そのときに、知名度がある会社や団体は何をやってもニュースになりやすいけれど、そうでない場合は何か注目してもらえるようなトピックスがないと、興味を持ってもらうこと自体が難しいと実感したんです。
学生でお金もなかったので、結局、アイデアや企画でしか解決できないことがたくさんあって。そこからクリエイティブやPublic Relationsに興味を持ち始めました。
ただ、当時はPRという言葉もよく理解していなかったと思います。漠然と、ビジネスやサービス、商品のことを「本当に魅力的」と思ってもらうための仕掛けをつくるプロになりたいなと思っていて。
「これ面白いな」とか、「楽しいな」、「かわいいな」というポジティブな感情によって人を動かす。それもPublic Relationsのひとつかな、と。その経験があって、広告やPR業界を目指して就職活動したんです。
現場で一緒にストーリーを生み出し、サービスの価値を伝える
― 改めて、シタテルの事業内容についてもお伺いしてもいいでしょうか。
若尾:洋服を作りたい、ファッションブランドを立ち上げたい、会社でユニフォームを作りたい、などのニーズを持つ方と、それを実際に作れる工場をマッチングする「衣服生産プラットフォーム」を提供しています。
ただマッチングさせるだけでなく、シタテルが最終的に納品するところまで責任をもってお受けする仕組みになっています。
アパレルはそもそも、生産者が工場を探すのがなかなか難しい業界でした。
ただその一方で、日本国内にある縫製工場の多くは、経営が厳しくなっているのが現状です。いままでは大手企業の生産で半分以上の売り上げを占めていたにも関わらず、仕事が海外の工場に流れてしまったことが大きな原因です。
さらに消費者のトレンドサイクルも短くなっているうえ、ファッションの好みが多様化しているという時代的な背景もあります。
だからこそ、シタテルが双方の“受付窓口”のような存在になって、マッチングできるサービスを提供しています。基本的にはBtoBのサービスですね。
― 事業会社側で広報の仕事をするようになって、感じたことはありますか?
若尾:私が入社する前のシタテルは、ちょうどTVの『ガイアの夜明け』で取り上げられ、採用が伸びていた時期でした。もともと社長が、PRに対する強い意識——というより、むしろ危機感を持っていたように思います。

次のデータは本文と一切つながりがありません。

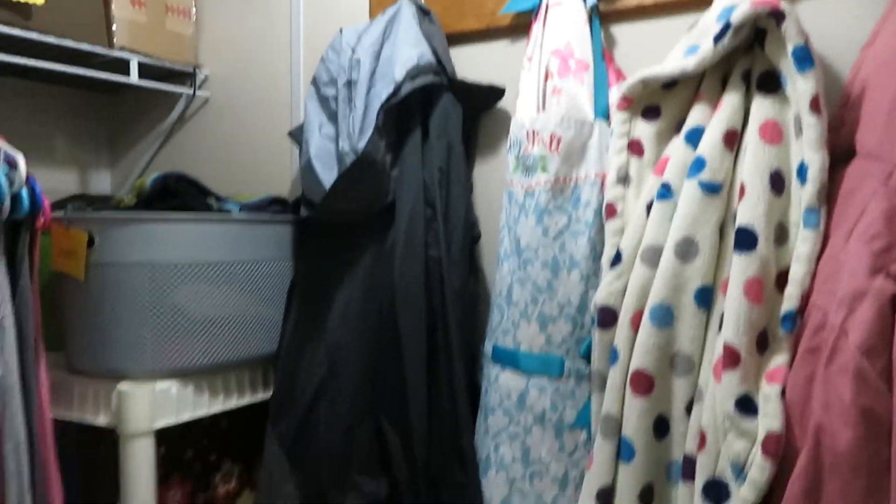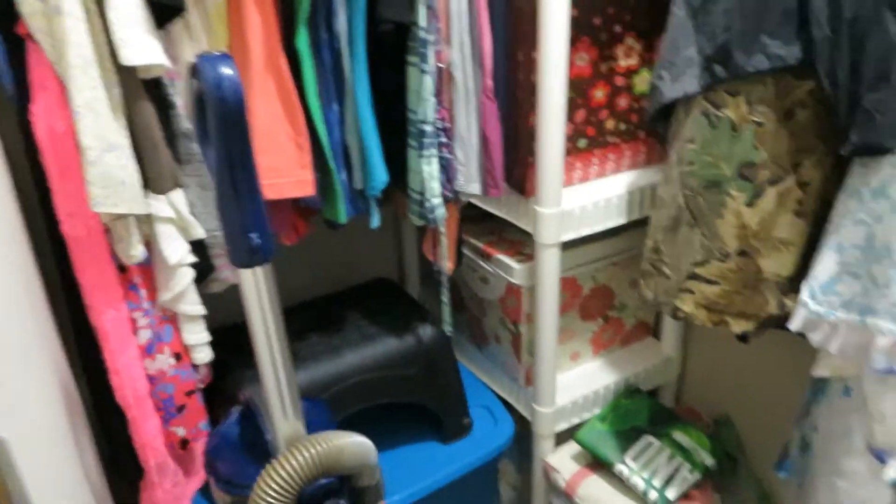It looks way better and more organized. I hope you guys enjoyed today's closet clean out. Hopefully you got some cleaning motivation out of it. If you did, be sure to leave it down in the comments. If you haven't subscribed, subscribe, leave me a big thumbs up and hit that bell. See you guys next time. Bye.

私は、最初こそ広報職という形で入社しましたが、本当に幅広い仕事に取り組んでいます。社長自身が、あまり固定概念やしきたりに拘らない方なので、自分なりの手法で成果を出すことをすごく求められる環境です。私としては、それはとてもありがたいと感じています。
― 幅広いというと、実際はどんなことをされているんですか?
若尾:例えば「こんなサービスです」「こういう商品があります」と一方的にアピールするだけでは、社会に広がっていきませんよね。

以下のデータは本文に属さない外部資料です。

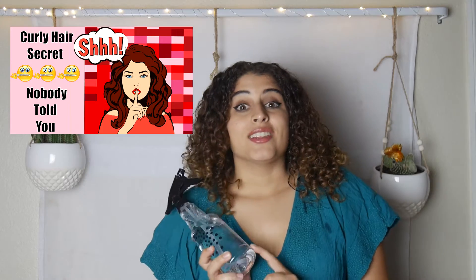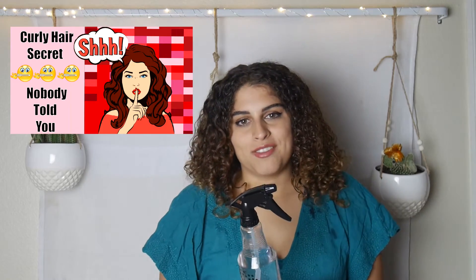So the first thing you're going to do is take a spray bottle and wet your hair. My spray bottle does have some lavender oil in it. Now lavender oil has a lot of great properties and I talk about them in my video, which I will also link in the description down below.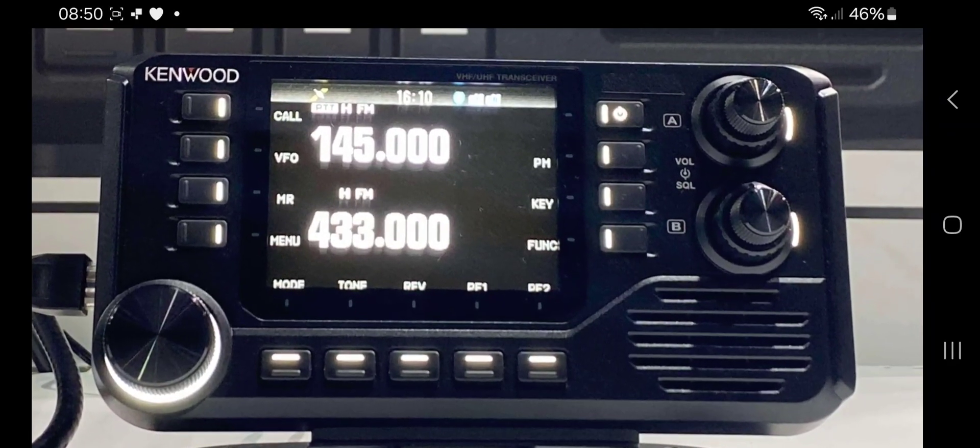It looks like a reasonable size speaker, and this will be out soon. Of course it will be of the highest quality because it's Kenwood - they always are. It will look great on your desk or in your car. It's 50 watts and D-Star ready. The D75 has a built-in TNC, APRS, KISS, and more, and it's Bluetooth compatible for connectivity to your favorite program. 73.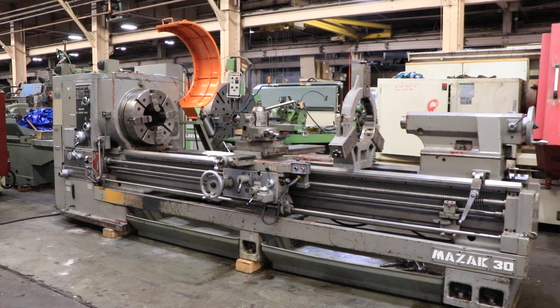We have a Mazak hollow spindle engine lathe, model Oil Country. This machine has a 12 and a half inch hole through the spindle with Cushman four-jaw chucks with the 12 and a half inch hole on the front and the back. You also have a taper turning attachment and inch-metric threading.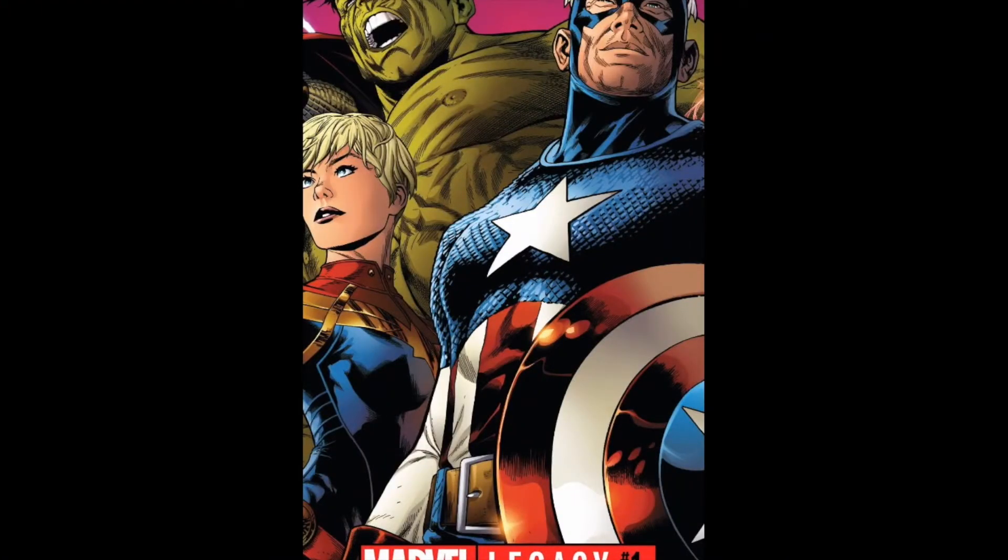Hello, today I'm going to be reviewing Marvel Legacy issue 1.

私たちが事業として取り組んでいるのは、「衣服生産のプラットフォーム」をつくっていくこと。それは、新たなカルチャーを社会に浸透させていくことでもあります。
だからもっと付加価値になる部分……「こんな会社と一緒に、こんな新しい取り組みを提供しました」など、自分たちから仕掛けていかなければいけないと思っていて。一つひとつの案件を作るところから始まるので、広報というより、半分は営業と同じような感じかもしれません。

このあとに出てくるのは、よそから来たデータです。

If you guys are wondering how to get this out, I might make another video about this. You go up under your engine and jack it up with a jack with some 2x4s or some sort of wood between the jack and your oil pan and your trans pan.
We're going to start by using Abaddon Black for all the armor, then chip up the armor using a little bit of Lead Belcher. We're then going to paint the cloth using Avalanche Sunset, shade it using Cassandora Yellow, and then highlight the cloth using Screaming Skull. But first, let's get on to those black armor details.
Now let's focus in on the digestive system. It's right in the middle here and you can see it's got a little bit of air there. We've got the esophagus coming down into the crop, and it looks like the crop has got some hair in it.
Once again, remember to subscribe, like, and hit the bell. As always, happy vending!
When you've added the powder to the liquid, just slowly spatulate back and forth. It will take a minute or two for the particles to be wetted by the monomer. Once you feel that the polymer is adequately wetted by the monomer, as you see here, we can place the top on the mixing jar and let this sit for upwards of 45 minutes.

― 世の中を動かすためのストーリーを、現場のみなさんと一緒に描きながら動いている?
若尾:そうですね。出会った方たちとアイデアを出し合いながら、さまざまな取り組みを生み出しているイメージです。
― それは営業でもあり、コーポレート・ブランディングにもつながる動きですよね。
若尾:広報でもあり、確かに経営企画や社長室のような側面もあります。シタテルのサービスがどんな価値を生み出しているのか、それを世の中の人たちにどう伝えていくかを、常に考えています。
“広報”の枠を超え、インナー施策からオウンドメディア運営まで
― 現在、広報担当は若尾さんおひとりですか?
若尾:はい。対外的な広報活動はもちろんですが、インナーブランディングにも力を入れています。現在は社員30名ほど(※2018年3月現在)なのですが、バックボーンがすごく多様なんですよね。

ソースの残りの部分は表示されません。